Ziarah secara etimologi adalah berkunjung. Sedangkan secara terminologi adalah mengunjungi seseorang untuk memuliakannya dan membuatnya senang (al-Imam al-Fyumi dalam kitab al-Misbah al-Munir. Hal: 119, Juz: 17). Adapun yang dimaksud qubur menurut Syaikhul Islam Zakariya al-Anshori adalah lubang yang mencegah keluarnya bau tak sedap  dari tubuh mayit dan mencegah dari binatang buas (Fathul Wahab. Hal:172, Juz: 1). Dengan demikian jelas dari sini, maksud utama dalam berziarah qubur bukan sekedar mendatangi sebuah lubang, melainkan mengunjungi sosok yang ada didalamnya untuk memuliakan dan mendoakannya.

Ziarah kubur memang pernah mengalami fase pelarangan. Disebabkan faktor keimanan umat Islam yang baru mengenal Islam, masih lemah dan rentan berubah-rubah, ditakutkan akan terjadi kemusyrikan dengan menyembah kuburan yang di ziarahi. Tetapi setelah iman umat Islam telah mengakar kuat di relung hati, Rasulullah lantas memerintahkan semua umat muslim berziarah ke kuburan. Sebagaimana riwayat Imam Turmudzi dan Imam Ibnu Majah:

عَنْ سُلَيْمَانَ بْنِ بُرَيْدَةَ عَنْ أَبِيهِ قَالَ قَالَ رَسُولُ اللّه صَلَّى اللّه عَلَيْهِ وَسَلَّمَ قَدْ كُنْتُ نَهَيْتُكُمْ عَنْ زِيَارَةِ الْقُبُورِ فَقَدْ أُذِنَ لِمُحَمَّدٍ فِي زِيَارَةِ قَبْرِ أُمِّهِ فَزُورُوهَا فَإِنَّهَا تُذَكِّرُ الْآخِرَةَ

Artinya: “Dari buraidah : Rasulullah bersabda:“Dahulu saya melarang kalian ziarah qubur. Lalu bagi Muhammad telah diperbolehkan menziarahi pusara ibunya. Maka berziarah quburlah kalian, sebab dengan sebab ziarah kalian ingat akhirat”. (Sunan Turmudzi. Hal: 210, Juz: 4)
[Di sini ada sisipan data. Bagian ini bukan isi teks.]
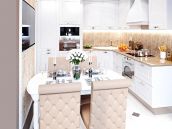 Фото визуализация дизайна интерьера кухни квартиры на Осокорках в Киеве от компании АВР-Комфорт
 عَنْ ابْنِ مَسْعُودٍ أَنَّ رَسُولَ اللّه صَلَّى اللّه عَلَيْهِ وَسَلَّمَ قَالَ كُنْتُ نَهَيْتُكُمْ عَنْ زِيَارَةِ الْقُبُورِ فَزُورُوهَا فَإِنَّهَا تُزَهِّدُ فِي الدُّنْيَا وَتُذَكِّرُ الْآخِرَةَ

Artinya: “Dari Ibni Mas’ud, sesungguhnya Rasulullah bersabda: “Dulu saya melarang kalian ziarah qubur. Maka sekarang berziarahlah kalian semua !. karena ziarah qubur menjadikan benci akan dunia dan mengingatkan terhadap akhirat”. (Sunan Ibnu Majah. Hal: 45, juz: 5)

(baca juga: Hujjah Aswaja: Perjamuan Makanan dalam Acara Tahlilan)

Syubhat sekte Wahabi

وَأَنْ لَيْسَ لِلْإِنْسَانِ إِلَّا مَا سَعَى

“Dan bahwa manusia tidak akan memperoleh kecuali apa yang telah diusahakannya” (QS:al-Najm:39)

Ayat ini sering dijadikan kedok untuk mengingkari kirim pahala terhadap mayit, yang pada akhirnya juga berkelanjutan mengingkari ziarah qubur. Sayyid Muhammad Alawi Al-Maliki dalam kitab Manhaj As-Salaf Fi Fahmi Al-Nushus Baina Al-Nadzoriyyah Wa Al-Tathbiq mengatakan: “Pertama: Secara umum ketika seorang memberikan manfaat, menolong dan membantu orang lain, dapat dipastikan orang tersebut akan menghormati, memuliakan dan mendoakan, seperti para auliya’, ulama, dan sholihin.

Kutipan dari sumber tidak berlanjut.